Going From Two Incomes to One
Whether it’s due to one partner staying home to raise the kids or due to a job loss, households transitioning from two incomes to one may face a large financial challenge. Whether living on one income is your dream come true or a circumstance you hope to avoid, it helps to be prepared and think through your options. Here are seven things to consider:
- Run the numbers. Track your income and expenses on a monthly basis to determine if one income is enough to support your family.
- Review your health insurance options. Calculate the costs of health insurance if you or your spouse and children had to switch to a different health plan.

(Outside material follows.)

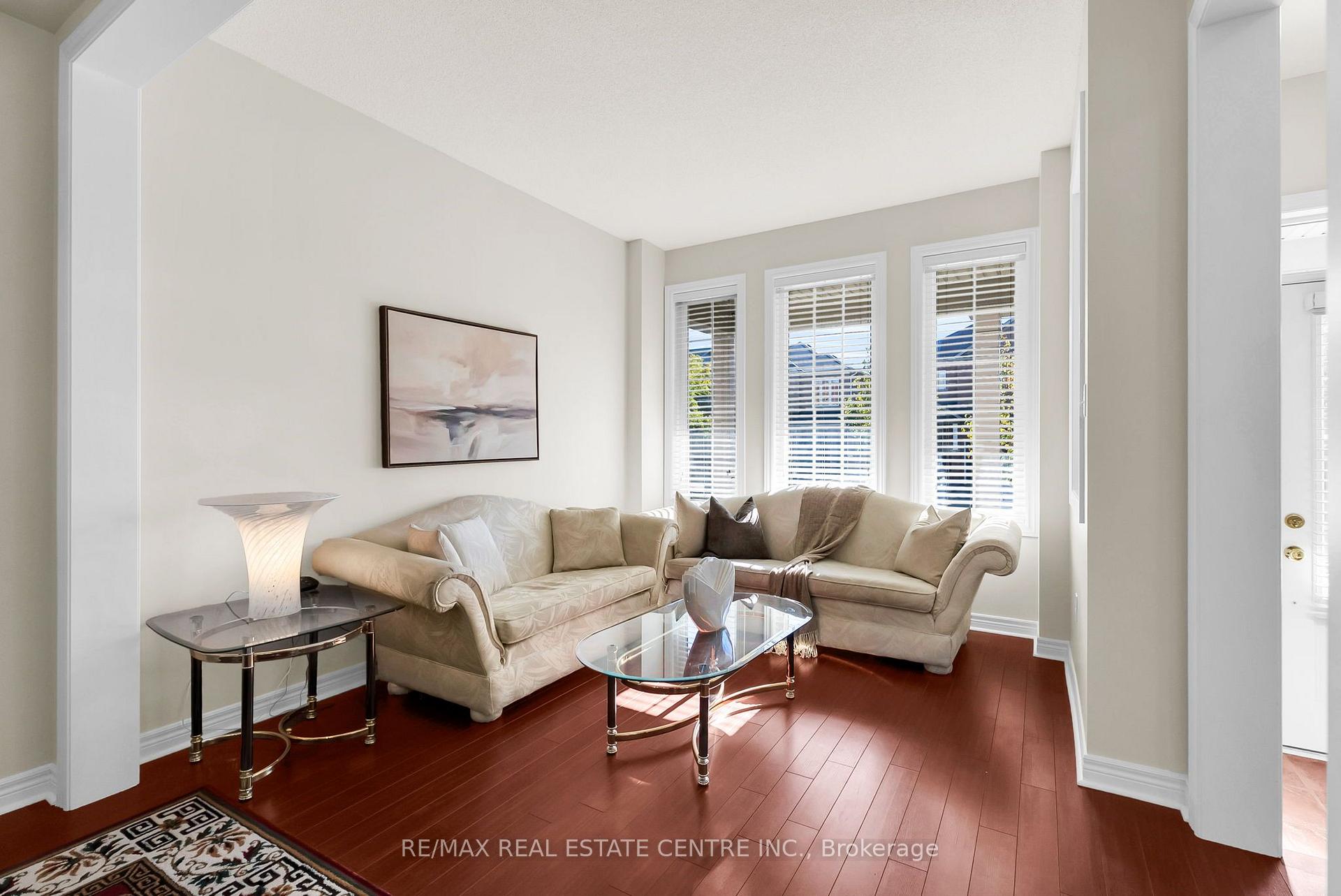 Photo 7 of 43 Delphinium Way, Brampton, Northwest Sandalwood Parkway — HOMEH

- Don’t forget life and disability insurance. The work of an at-home spouse (e.g., cooking, cleaning and caring for children) should be considered part of the household income.
- Downsize your debt. Try to pay off existing debts, especially high-interest credit card debt, before moving to one income.
- Size up savings. Try to save six months’ worth of living expenses in an emergency fund.
- Protect your retirement savings. Avoid dipping into retirement savings to make it on one income. Develop a plan to continue saving so both partners are on track for retirement.
- Keep a positive outlook. The changes you make now could reap powerful advantages in the future. In addition to gaining a better perspective on your personal finances, you may also realize just how adaptable, supported and strong you are.
Try Living on One Income
Not sure if you can make it on one income? Consider testing out living on one income before making the leap (if you have time to plan ahead). Transfer one partner’s paycheck into an emergency savings account and see how you do living on the other paycheck alone. If you overspend or emergency expenses pop up, consider ways to spend less in other areas to make it work.
Review Your Financial Plan
Need help running the numbers? Connect with your Seaside Client Advisor by calling 407.567.2222.
Single-Income Budget Boosters
Living on one income is a challenge — and giving up a latte here or there probably won’t make up for the loss of a paycheck. The following tips can help single-income families significantly reduce expenses.
- Sell a car if it’s not needed, especially if bus and rail transit are easily accessible.
- Downsize to a smaller home or apartment.
- Drop phone, internet or TV services that are not high priority.
- Plan shorter, less expensive vacations.
- Identify your family’s biggest spending holes (takeout food, digital streaming services, adventure gear, salon/spa, etc.). Cut them out or look for cheaper alternatives.